High-Dimensional Analysis of Semidefinite Relaxations for Sparse Principal Components
Principal component analysis (PCA) is a classical method for dimensionality reduction based on extracting the dominant eigenvectors of the sample covariance matrix. However, PCA is well known to behave poorly in the "large p, small n" setting, in which the problem dimension p is comparable to or larger than the sample size n. This project studies PCA in this high-dimensional regime, but under the additional assumption that the maximal eigenvector is sparse, say with at most k non-zero components.

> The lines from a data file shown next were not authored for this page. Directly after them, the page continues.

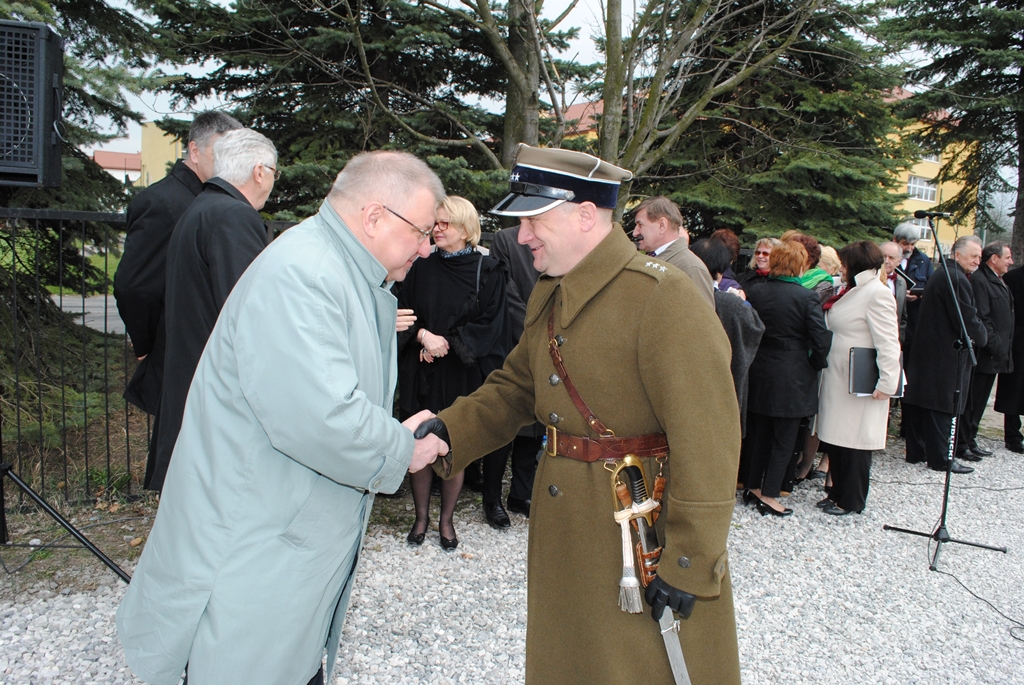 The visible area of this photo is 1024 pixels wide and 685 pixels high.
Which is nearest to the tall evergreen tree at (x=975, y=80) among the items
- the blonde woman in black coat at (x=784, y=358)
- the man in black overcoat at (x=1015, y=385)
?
the man in black overcoat at (x=1015, y=385)

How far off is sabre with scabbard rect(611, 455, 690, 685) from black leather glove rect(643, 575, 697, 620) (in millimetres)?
67

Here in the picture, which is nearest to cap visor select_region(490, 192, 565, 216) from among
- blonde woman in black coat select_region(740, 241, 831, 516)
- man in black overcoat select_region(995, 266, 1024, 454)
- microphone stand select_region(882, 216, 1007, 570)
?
microphone stand select_region(882, 216, 1007, 570)

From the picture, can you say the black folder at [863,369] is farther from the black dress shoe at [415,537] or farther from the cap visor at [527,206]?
the cap visor at [527,206]

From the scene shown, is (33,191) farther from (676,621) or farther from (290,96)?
(676,621)

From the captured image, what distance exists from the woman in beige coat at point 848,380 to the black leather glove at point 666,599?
4.16 metres

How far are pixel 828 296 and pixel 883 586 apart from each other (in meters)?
2.76

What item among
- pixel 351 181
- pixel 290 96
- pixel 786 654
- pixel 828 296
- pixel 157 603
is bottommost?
pixel 786 654

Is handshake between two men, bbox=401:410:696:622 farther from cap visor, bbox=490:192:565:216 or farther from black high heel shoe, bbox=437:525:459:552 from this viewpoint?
black high heel shoe, bbox=437:525:459:552

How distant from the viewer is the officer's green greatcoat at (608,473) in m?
1.92

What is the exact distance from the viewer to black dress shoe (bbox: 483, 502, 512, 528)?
4.98m

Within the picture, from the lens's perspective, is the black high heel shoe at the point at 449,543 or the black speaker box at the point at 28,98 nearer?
the black speaker box at the point at 28,98

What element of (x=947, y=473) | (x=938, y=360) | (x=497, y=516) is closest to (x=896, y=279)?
(x=938, y=360)

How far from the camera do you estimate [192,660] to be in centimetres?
188

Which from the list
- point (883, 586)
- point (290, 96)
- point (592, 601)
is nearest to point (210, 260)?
point (592, 601) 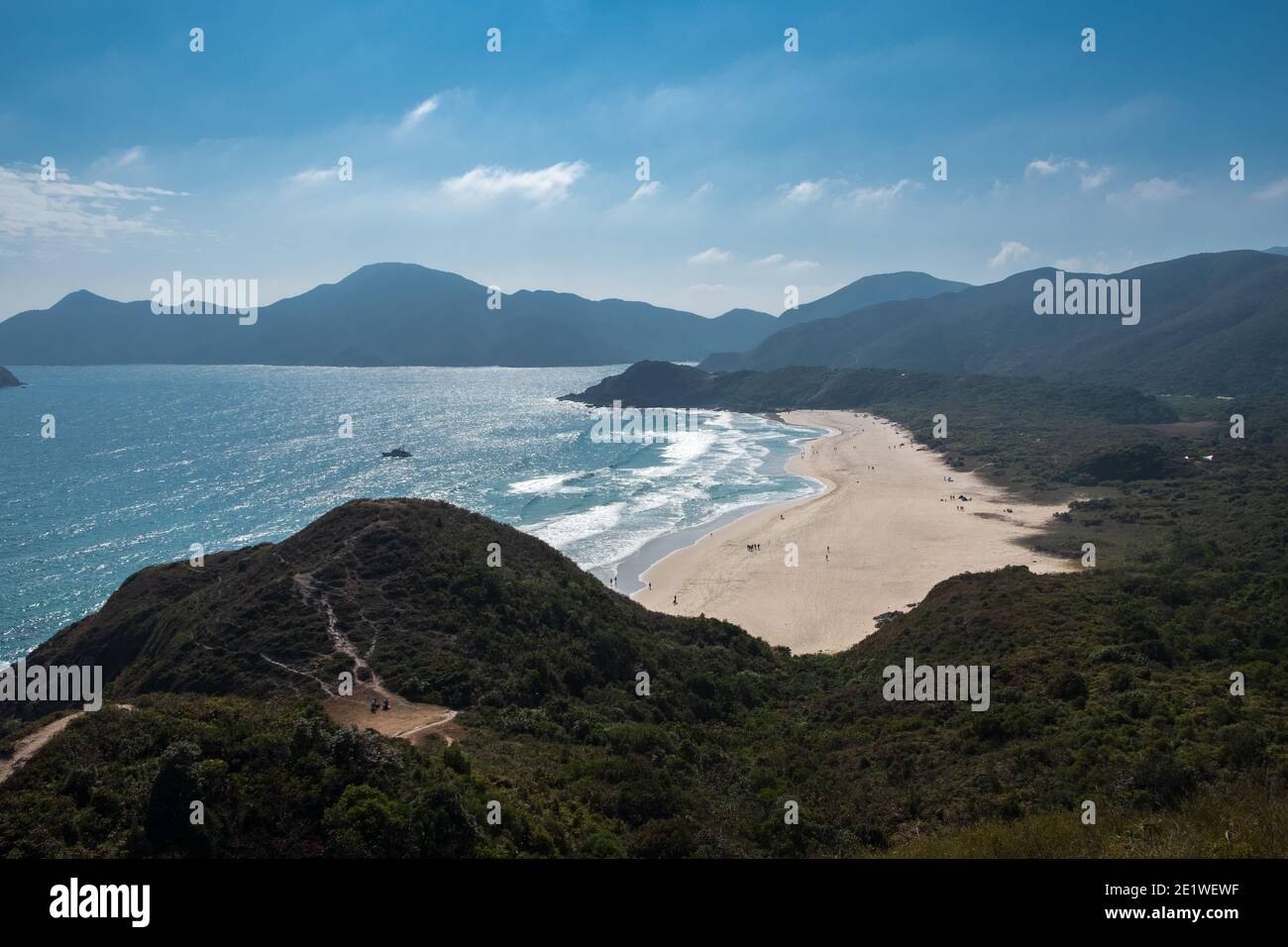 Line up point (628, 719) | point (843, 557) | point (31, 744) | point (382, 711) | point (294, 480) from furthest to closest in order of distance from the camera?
point (294, 480) < point (843, 557) < point (628, 719) < point (382, 711) < point (31, 744)

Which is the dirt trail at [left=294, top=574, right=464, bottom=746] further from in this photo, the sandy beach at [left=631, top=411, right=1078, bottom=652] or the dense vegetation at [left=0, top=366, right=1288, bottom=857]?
the sandy beach at [left=631, top=411, right=1078, bottom=652]

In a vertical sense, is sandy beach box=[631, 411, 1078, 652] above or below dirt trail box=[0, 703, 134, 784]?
below

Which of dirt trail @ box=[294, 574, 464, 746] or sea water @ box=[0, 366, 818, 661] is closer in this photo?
dirt trail @ box=[294, 574, 464, 746]

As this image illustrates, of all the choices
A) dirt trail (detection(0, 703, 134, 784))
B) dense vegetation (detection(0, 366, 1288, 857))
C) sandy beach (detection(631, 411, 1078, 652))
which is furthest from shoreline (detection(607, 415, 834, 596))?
dirt trail (detection(0, 703, 134, 784))

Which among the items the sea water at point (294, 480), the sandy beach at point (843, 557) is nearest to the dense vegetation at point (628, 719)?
the sandy beach at point (843, 557)

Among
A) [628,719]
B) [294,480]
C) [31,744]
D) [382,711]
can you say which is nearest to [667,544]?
[628,719]

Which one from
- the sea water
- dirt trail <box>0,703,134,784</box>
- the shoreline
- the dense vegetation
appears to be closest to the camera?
the dense vegetation

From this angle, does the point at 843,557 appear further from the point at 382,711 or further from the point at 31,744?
the point at 31,744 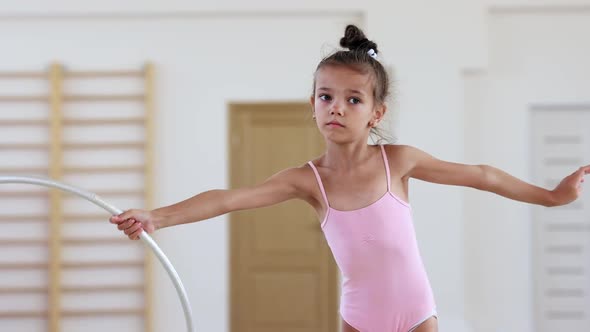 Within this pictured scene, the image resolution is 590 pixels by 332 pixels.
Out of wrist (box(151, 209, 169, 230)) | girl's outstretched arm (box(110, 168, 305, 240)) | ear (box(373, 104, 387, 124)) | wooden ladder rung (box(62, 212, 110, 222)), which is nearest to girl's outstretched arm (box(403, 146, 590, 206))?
ear (box(373, 104, 387, 124))

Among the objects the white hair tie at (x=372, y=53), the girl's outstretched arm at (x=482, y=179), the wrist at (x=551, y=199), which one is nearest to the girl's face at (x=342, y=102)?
the white hair tie at (x=372, y=53)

We consider a spiked covariance model in which a base matrix is perturbed by adding a k-sparse maximal eigenvector, and analyze two computationally tractable methods for recovering the support set of this maximal eigenvector: (a) a simple diagonal thresholding method, which transitions from success to failure as a function of the order parameter θdia(n, p, k = n/[k2log (p - k)]; and (b) a more sophisticated semidefinite programming (SDP) relaxation, which succeeds once the order parameter θsdp(n, p, k) = n/[klog(p-k)] is larger than a critical threshold. In addition, we prove that no method, including the best method which has exponential-time complexity, can succeed in recovering the support if the order parameter θsdp(n, p, k) is below a threshold. Our results thus highlight an interesting tradeoff between computational and statistical efficiency in high-dimensional inference.